Following with the final keynote, Søren Brunak’s work was a perfect example of where this can go if these barriers are broken down. Talking us through the concept of “disease trajectory”, using huge data rich datasets across allows our likely health to be more accurately modelled, predicted, and hopefully controlled. Denmark is the perfect place for this work, being obsessed with keeping healthcare data, and having an opt-out system for sharing eHealth Records (eHRs). Having the 3rd highest eHR usage in the world, the entire country is effectively a giant cohort (see this article for more).
On top of human genetic data, other areas have equally urgent life-and-death impact. At the pre-ISMB16 SIG (Special Interest Group) meetings Jennifer Gardy’s keynote at BOSC on “The Open-Source Outbreak” really put across how open data and genomics will save us all from the next horrible infectious disease pandemic (see her slides here, video, and our write-up of BOSC).
The ISCB, the society behind ISMB obviously agrees, this year launching a “Fight against Ebola” award. Of the 14 submissions, Mark Wass (editor of our Automated Functional Prediction series) won the $2,000 prize for work on conserved differences in protein sequence determining the human pathogenicity of Ebola and the non-pathogenic Reston virus (see his paper for more). This great effort will continue next year, but will be broader and become the “Computational solutions to emerging global threat challenge”.

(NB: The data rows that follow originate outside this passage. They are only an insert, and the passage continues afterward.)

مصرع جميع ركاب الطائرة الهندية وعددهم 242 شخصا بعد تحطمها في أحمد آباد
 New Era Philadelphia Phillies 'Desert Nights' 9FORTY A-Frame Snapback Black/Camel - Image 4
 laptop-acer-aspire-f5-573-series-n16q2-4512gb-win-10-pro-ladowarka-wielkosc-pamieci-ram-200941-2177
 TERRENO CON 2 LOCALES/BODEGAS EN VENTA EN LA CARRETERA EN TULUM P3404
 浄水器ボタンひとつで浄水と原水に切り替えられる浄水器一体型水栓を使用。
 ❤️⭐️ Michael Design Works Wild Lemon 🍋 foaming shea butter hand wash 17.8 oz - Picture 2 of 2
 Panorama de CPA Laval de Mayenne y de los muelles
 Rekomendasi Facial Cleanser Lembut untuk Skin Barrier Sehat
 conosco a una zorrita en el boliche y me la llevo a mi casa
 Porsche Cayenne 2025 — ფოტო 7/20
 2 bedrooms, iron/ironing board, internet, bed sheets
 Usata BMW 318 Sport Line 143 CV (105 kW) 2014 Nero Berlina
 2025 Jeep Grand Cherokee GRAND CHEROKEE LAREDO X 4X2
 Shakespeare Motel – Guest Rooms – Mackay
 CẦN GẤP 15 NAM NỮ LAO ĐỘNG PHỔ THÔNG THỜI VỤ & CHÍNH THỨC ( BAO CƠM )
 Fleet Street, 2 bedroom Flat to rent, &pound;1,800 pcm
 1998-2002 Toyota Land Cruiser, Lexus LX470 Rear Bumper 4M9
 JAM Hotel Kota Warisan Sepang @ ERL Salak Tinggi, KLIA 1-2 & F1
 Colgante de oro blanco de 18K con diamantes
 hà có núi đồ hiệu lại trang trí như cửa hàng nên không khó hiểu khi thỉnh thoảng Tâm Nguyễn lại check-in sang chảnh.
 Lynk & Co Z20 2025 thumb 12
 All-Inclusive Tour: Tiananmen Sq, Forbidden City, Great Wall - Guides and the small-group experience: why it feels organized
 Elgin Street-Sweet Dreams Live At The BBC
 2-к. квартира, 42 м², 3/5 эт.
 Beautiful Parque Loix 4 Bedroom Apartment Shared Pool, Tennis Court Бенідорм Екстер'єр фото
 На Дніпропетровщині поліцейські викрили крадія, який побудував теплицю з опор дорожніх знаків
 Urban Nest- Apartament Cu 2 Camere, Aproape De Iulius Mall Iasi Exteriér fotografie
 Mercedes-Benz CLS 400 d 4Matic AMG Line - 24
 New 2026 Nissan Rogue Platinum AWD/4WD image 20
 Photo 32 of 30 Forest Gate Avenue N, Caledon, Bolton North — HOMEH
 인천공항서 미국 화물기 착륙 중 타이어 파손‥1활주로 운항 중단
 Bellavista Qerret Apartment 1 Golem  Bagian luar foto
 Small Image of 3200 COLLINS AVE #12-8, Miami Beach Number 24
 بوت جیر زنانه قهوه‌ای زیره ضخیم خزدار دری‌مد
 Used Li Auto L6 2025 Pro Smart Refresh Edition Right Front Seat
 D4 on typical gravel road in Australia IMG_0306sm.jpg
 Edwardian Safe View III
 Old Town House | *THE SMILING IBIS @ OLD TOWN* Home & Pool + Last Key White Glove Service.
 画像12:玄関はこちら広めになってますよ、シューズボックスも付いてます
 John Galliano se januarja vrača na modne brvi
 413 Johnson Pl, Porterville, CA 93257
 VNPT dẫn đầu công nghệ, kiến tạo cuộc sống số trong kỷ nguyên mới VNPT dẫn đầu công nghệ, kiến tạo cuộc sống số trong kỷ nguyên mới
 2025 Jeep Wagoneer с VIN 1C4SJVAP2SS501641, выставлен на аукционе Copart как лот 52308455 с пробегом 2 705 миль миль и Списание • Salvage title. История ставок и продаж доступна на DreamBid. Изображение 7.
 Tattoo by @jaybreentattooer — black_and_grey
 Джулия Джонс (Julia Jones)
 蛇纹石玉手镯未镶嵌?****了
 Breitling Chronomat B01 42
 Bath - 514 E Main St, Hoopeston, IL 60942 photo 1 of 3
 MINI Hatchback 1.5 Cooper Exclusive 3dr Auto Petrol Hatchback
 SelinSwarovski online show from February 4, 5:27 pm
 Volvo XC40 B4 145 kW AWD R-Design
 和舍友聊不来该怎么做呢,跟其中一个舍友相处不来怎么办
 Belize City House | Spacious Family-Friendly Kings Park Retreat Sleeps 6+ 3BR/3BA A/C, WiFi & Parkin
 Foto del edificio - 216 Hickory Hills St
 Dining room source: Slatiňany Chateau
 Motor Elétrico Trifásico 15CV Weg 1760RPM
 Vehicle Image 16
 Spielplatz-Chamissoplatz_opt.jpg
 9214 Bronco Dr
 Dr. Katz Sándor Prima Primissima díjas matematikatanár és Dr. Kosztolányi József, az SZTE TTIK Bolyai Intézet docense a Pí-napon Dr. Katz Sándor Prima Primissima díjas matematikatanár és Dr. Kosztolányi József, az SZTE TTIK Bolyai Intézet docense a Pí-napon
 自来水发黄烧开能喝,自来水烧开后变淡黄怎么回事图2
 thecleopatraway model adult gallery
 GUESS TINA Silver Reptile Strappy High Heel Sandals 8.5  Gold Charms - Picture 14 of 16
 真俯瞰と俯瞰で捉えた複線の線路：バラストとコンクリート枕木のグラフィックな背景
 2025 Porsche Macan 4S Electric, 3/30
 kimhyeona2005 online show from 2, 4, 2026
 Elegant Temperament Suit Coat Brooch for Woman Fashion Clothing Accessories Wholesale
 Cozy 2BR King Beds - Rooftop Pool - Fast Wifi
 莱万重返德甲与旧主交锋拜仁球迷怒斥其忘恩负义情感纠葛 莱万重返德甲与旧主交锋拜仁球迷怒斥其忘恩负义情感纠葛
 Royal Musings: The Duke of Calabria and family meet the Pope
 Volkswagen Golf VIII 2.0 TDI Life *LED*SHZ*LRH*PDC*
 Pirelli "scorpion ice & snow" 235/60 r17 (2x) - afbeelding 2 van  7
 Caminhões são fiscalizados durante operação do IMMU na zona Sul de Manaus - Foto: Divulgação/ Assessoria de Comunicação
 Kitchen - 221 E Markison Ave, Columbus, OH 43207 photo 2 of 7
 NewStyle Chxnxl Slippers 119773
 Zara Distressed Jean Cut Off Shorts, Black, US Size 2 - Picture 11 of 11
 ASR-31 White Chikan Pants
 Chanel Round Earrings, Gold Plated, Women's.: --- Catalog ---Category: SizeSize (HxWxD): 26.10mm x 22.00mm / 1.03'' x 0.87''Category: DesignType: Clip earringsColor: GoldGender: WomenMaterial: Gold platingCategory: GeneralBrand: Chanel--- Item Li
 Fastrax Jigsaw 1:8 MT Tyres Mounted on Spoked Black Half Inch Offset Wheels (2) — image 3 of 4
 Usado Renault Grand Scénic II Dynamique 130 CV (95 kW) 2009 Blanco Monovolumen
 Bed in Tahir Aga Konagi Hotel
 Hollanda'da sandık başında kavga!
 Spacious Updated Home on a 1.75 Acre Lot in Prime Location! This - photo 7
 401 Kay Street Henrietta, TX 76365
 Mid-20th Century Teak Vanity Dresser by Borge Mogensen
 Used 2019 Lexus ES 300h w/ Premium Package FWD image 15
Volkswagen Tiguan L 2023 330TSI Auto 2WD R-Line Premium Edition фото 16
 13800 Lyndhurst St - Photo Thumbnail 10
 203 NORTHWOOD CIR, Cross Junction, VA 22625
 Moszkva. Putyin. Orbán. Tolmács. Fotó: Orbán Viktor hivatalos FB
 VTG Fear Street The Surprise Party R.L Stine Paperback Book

— GigaScience (@GigaScience) July 12, 2016
Mick Watson’s keynote at CAMDA on “Can bioinformatics help feed the world?”, highlighted agriculture and food security is another critical area due to climate change and population pressures. Mick presented this through the context of livestock microbiomes and food production, and our 3,00 Rice Genomes paper was a perfect demonstration of this. The 13.4 terabytes of data published on World Hunger Day in 2014 quadrupled the amount of rice genome data in the public domain. This paves the way for breeders to make more intelligent choices in strain selection, resulting in more accurate and rapid development of rice strains that are better suited to different agricultural environments in poor and environmentally stressed economies.
Happy Birthday to us.
Working hard to solve the world’s problems through computational biology is tiring work, and like the computers they run often some downtime to cool down. In what seems to becoming a tradition, thanks to the generous support of BMC we hosted a birthday party and drinks reception on the first night of ISMB, allowing us to catch up with many old and new friends over drinks.
— R. Taylor Raborn (@rtraborn) July 11, 2016
Handing out birthday gifts at the final day of the meeting, it was hard to follow our previous Bruce Lee/Kill Bill inspired GigaPanda t-shirts, but we think we managed it with our new “Game of Omes” design disappearing from the BMC/Springer stand in minutes. With GigaPanda styling a new “Mother of Data” look, our Khaleesi of the Great Bamboo Sea (chosen as her genome was one the first batch of datasets we published in GigaDB) can be seen posing her new Open Data sidekick, the Bearded Dragon (one of the latest genomes we published).
— Monica Munoz-Torres (@monimunozto) July 12, 2016
The next meeting in Prague will be the 25th anniversary of the conference, and will be a great and popular venue for us to celebrate our 5th birthday. We hope to see many of you there.
UPDATE 18/7/16: Embedded Jennifer Gardy’s keynote video now it has been posted on youtube.